The iShares MSCI Italy Capped Index Fund (EWI), the market’s only Italian equities-focused fund, has bled more than 5 percent of its value on the heels of an Italian election earlier this week that failed to result in a clear government mandate.
That slide has added to losses for investors, who have now seen the $527 million fund slip nearly 9 percent since the beginning of the year.
Italy is a country “beset by deep economic and political crisis,” as geopolitical intelligence firm Stratfor said in a note this week. Indeed, the latest election failed to elect a head, and instead betrayed a deeply divided population with a larger-than-expected segment willing to follow an anti-establishment movement led by Beppe Grillo, known as the “Five Star Movement.”
“The complex political and economic climate in Italy explains Grillo’s success,” Stratfor analysts said in their note. “For the past 14 months, the technocratic government of Prime Minister Mario Monti implemented spending cuts and tax increases, following the dictates of the European Union with the support of Italy’s main political forces.”
“Although these reforms succeeded in temporarily reducing pressure from the international markets on Italy, they did little to improve the quality of life for most Italians,” Stratfor added.
Indeed, Italy is facing its worst recession in 20 years, and its austerity measures have pushed unemployment—particularly among the youth—to new highs now above 11 percent. Some economists estimate that as many as one in three youths is out of a job in Italy, and many are looking to emigrate.
“This gap between the policies promoted by the mainstream parties and the desires of the population worsened in recent weeks,” Stratfor noted, pointing to corruption scandals among mainstream politicians, a fact that has contributed to a growing disconnect between the people and its elected officials.

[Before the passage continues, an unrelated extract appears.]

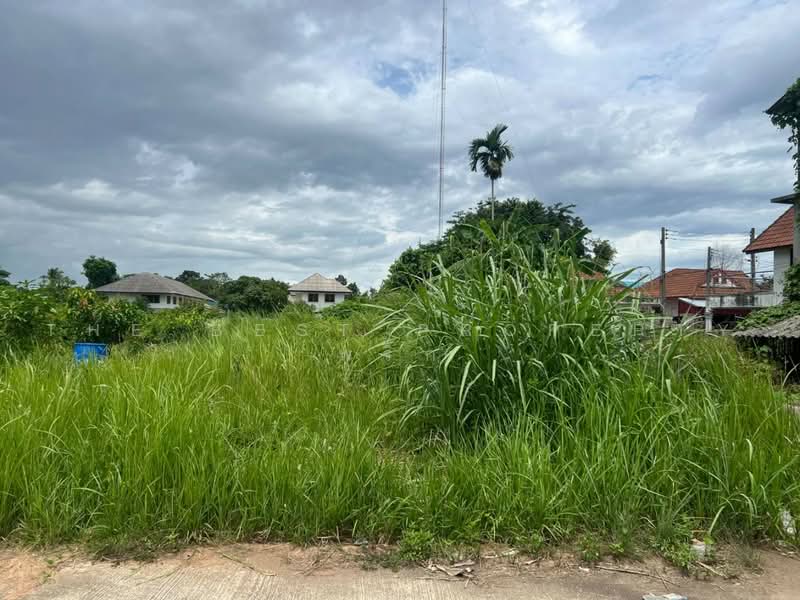 ที่ดินโพธิ์เสด็จ นครศรีธรรมราช, Nakhon Si Thammarat, Pho Sadet, Muang Nakhon Sri Thammarat, Nakhon Si Thammarat, , 181 sqm, Land For Sale, by The Best Property พริก, 500471603 - DDproperty.com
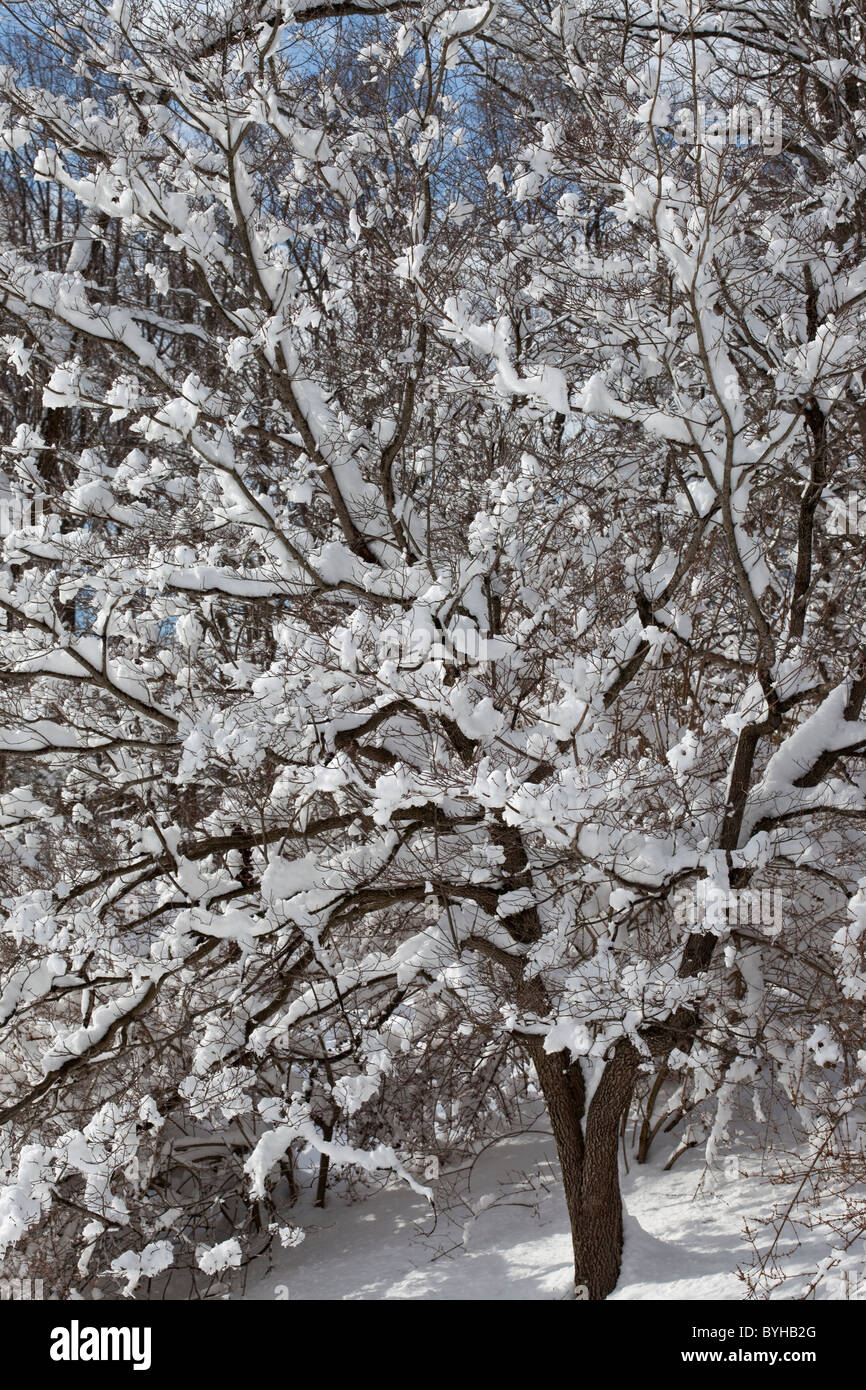 Coperta di neve tree Foto Stock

“Like Greece, Italy is approaching a situation where popular discontent is threatening the country’s governability,” Stratfor said. “The situation in Italy is not as severe as in Greece, but the Hellenic nation reminds one just how quickly the social and political situation of Eurozone members can degrade.”
What’s An Investor To Do?
It seems that despite the troubled outlook, many U.S. investors continue to bet on exposure to Italian equities. Indeed, more than $5 million of new net assets has found its way into EWI this past week, though the fund slipped 5 percent.
In all, net inflows into EWI have now exceeded $210 million since Jan. 1, as shares of the fund bled more than 9 percent of its value, according to data compiled by IndexUniverse.
It could be that investors are looking at attractive valuations in Italy as a reason to buy into funds like EWI.
“Valuation is the only thing Italy has going for it right now—it’s currently at a discount to the world, and at a discount to Europe,” Dave Garff, head of Walnut Creek, Calif.-based Accuvest Global Advisors, told IndexUniverse.
The problem is, Garff says, that from where he sits, valuation is not enough reason to buy Italy.
“From an investment standpoint, we look for countries that have a combination of four things:strong and/or accelerating fundamentals; above-average momentum; low risk; and attractive valuations,” Garff said. “When we look at it, in those terms, there’s not a lot going on in Italy that’s exciting.”
On a fundamental basis, the country’s leading indicators like earnings and sales growth are all in a poor trend relative to its peers. In fact, in Accuvest’s 28-country model, Italy came in 24 th in the past month in terms of fundamental health.
Italy’s momentum isn’t measuring up either. In fact, Italy was the worst-performing country in Accuvest’s model in the past month, hurting its momentum score, which is still deteriorating, says Garth.
Meanwhile, risk is increasing. Volatility in Italy is going up and credit default swap rates are among the highest in the space, Garff says.
“Italians want change, but change from what?” Garff said. “They want change from austerity in Europe. They want change from having to take their medicine.”
“Italy doesn’t want to suffer the consequences and pain of austerity,” he added. “In a broader sense, I’m growing concerned about anti-austerity sentiment in Europe.”
For the time being, Garff noted, investors have only two ways to express their views on Italy:by avoiding the country entirely; or by shorting exposure to Italian equities.